Question
Collect values as dictionary in parent column using Pyspark
I have code and data like below:
df_renamed = df.withColumnRenamed("id","steps.id").withColumnRenamed("status_1","steps.status").withColumnRenamed("severity","steps.error.severity")
df_renamed.show(truncate=False)
+----------+-------+------+-----------------------+------------+--------------------+
|apiVersion|expired|status|steps.id |steps.status|steps.error.severity|
+----------+-------+------+-----------------------+------------+--------------------+
|2 |false |200 |mexican-curp-validation|200 |null |
+----------+-------+------+-----------------------+------------+--------------------+
Now I want to transform this data as below:
+----------+-------+------+-----------------------+------------+--------------------+
|apiVersion|expired|status|steps |
+----------+-------+------+-----------------------+------------+--------------------+
|2 |false |200 |{"id":"mexican-curp-validation", "status":200 ,"error":{"severity":null}} |
+----------+-------+------+-----------------------+------------+--------------------+
where it can be seen that based on the dot notation of the column names, JSON struct is formed in the data.
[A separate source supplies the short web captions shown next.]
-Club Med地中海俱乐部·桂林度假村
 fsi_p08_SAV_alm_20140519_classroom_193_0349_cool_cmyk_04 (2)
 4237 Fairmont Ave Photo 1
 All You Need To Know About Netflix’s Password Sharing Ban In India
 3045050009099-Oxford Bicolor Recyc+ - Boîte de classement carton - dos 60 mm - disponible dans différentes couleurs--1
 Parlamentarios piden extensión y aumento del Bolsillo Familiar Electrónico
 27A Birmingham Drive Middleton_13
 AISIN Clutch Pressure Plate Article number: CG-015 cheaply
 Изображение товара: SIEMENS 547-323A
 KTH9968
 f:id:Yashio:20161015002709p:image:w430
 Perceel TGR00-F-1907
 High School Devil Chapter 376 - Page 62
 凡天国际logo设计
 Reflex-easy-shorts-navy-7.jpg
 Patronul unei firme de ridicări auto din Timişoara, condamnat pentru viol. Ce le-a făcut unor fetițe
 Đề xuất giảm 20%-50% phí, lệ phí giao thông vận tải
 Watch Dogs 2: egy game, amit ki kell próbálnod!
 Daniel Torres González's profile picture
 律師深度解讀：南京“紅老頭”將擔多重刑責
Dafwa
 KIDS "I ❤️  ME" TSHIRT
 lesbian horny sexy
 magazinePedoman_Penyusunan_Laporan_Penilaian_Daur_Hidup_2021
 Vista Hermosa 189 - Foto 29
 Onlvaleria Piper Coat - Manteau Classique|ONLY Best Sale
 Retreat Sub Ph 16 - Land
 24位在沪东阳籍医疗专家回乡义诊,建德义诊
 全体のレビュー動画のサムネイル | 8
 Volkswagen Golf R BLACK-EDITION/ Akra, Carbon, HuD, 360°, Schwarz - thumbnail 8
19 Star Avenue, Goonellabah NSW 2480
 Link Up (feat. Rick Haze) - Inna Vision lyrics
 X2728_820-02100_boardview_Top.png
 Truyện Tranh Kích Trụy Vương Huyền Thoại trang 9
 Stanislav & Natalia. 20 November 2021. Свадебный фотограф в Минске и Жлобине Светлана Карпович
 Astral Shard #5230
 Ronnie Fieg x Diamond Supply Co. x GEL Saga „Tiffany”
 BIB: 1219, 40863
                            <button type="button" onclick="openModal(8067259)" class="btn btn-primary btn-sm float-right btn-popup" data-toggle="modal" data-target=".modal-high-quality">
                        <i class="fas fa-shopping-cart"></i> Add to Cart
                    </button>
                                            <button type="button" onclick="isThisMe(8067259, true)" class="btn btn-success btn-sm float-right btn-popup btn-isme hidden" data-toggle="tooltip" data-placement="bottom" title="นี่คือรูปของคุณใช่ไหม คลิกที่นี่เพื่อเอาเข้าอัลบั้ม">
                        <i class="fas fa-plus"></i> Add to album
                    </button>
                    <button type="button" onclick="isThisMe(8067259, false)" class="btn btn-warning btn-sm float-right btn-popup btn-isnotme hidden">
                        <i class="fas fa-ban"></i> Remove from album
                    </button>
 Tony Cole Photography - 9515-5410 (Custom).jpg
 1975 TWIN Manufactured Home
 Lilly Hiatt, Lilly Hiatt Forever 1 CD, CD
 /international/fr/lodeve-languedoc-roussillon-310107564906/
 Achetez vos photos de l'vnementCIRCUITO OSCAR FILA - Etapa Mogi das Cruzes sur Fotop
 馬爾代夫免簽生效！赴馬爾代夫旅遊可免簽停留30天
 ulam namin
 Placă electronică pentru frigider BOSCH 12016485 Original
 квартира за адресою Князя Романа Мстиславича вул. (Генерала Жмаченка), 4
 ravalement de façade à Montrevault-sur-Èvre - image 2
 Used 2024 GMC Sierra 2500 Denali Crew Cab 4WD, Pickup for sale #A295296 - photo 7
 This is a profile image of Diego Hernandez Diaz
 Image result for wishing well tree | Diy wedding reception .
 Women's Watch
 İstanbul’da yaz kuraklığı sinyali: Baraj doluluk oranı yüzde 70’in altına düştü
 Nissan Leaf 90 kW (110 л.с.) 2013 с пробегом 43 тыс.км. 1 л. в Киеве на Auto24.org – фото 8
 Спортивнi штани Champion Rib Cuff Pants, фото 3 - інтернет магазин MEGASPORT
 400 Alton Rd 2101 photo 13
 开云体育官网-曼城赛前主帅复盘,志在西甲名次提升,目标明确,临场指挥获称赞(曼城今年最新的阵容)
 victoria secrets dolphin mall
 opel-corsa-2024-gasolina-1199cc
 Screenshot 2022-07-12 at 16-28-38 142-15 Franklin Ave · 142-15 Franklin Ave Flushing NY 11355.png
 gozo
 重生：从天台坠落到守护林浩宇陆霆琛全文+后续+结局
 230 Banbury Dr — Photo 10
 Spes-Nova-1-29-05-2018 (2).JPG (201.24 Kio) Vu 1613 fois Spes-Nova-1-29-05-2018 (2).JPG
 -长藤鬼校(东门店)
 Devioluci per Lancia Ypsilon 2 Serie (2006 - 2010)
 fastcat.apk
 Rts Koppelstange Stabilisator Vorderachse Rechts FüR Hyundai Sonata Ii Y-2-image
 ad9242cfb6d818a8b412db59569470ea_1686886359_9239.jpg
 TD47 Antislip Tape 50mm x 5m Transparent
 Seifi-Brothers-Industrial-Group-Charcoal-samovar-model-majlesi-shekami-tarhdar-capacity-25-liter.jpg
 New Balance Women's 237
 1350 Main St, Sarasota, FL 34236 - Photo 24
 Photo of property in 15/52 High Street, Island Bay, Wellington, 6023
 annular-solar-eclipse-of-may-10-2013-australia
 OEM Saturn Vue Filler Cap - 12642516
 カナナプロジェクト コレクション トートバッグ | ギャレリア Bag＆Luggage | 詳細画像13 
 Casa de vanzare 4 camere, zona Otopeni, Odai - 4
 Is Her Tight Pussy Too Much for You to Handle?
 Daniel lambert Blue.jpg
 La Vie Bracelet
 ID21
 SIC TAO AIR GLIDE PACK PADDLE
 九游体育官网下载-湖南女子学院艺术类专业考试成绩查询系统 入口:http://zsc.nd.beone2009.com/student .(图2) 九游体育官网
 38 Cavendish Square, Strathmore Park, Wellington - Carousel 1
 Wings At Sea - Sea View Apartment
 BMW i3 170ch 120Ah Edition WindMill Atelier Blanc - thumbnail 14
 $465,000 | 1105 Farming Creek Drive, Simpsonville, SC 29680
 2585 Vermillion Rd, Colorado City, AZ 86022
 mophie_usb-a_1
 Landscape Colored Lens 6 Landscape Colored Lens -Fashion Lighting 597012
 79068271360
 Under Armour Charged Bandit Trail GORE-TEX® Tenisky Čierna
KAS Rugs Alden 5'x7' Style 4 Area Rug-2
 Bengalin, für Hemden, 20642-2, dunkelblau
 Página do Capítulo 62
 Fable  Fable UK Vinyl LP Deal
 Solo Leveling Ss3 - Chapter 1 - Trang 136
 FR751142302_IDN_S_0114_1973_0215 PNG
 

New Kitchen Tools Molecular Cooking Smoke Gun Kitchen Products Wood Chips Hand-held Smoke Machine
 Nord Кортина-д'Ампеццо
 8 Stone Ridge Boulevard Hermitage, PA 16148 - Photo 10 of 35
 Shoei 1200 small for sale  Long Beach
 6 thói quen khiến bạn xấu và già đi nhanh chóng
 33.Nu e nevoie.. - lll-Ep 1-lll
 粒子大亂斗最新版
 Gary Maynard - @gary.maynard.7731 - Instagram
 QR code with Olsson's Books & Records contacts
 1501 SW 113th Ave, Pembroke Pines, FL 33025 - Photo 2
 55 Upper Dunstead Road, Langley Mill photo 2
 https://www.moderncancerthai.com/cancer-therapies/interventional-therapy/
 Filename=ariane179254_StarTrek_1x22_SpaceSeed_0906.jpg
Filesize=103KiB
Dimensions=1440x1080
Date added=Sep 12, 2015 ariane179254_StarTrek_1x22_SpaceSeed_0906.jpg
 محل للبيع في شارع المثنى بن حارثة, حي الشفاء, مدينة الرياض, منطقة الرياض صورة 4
For this reason, I used below code:
cols_list = [name for name in df_renamed.columns if "." in name]
df_new = df_renamed.withColumn("steps",F.to_json(F.struct(*cols_list)))
df_new.show()
But it gives below error even though the column is present:
df_new = df_renamed.withColumn("steps",F.to_json(F.struct(*cols_list)))
File "/Users/../IdeaProjects/pocs/venvsd/lib/python3.9/site-packages/pyspark/sql/dataframe.py", line 3036, in withColumn
return DataFrame(self._jdf.withColumn(colName, col._jc), self.sparkSession)
File "/Users/../IdeaProjects/pocs/venvsd/lib/python3.9/site-packages/py4j/java_gateway.py", line 1321, in __call__
return_value = get_return_value(
File "/Users/../IdeaProjects/pocs/venvsd/lib/python3.9/site-packages/pyspark/sql/utils.py", line 196, in deco
raise converted from None
pyspark.sql.utils.AnalysisException: Column 'steps.id' does not exist. Did you mean one of the following? [steps.id, expired, status, steps.status, apiVersion, steps.error.severity];
'Project [apiVersion#17, expired#18, status#19, steps.id#29, steps.status#37, steps.error.severity#44, to_json(struct(id, 'steps.id, status, 'steps.status, severity, 'steps.error.severity), Some(GMT+05:30)) AS steps#82]
+- Project [apiVersion#17, expired#18, status#19, steps.id#29, steps.status#37, severity#22 AS steps.error.severity#44]
+- Project [apiVersion#17, expired#18, status#19, steps.id#29, status_1#21 AS steps.status#37, severity#22]
+- Project [apiVersion#17, expired#18, status#19, id#20 AS steps.id#29, status_1#21, severity#22]
+- Relation [apiVersion#17,expired#18,status#19,id#20,status_1#21,severity#22] csv
Where am I going wrong? Any help is much appreciated.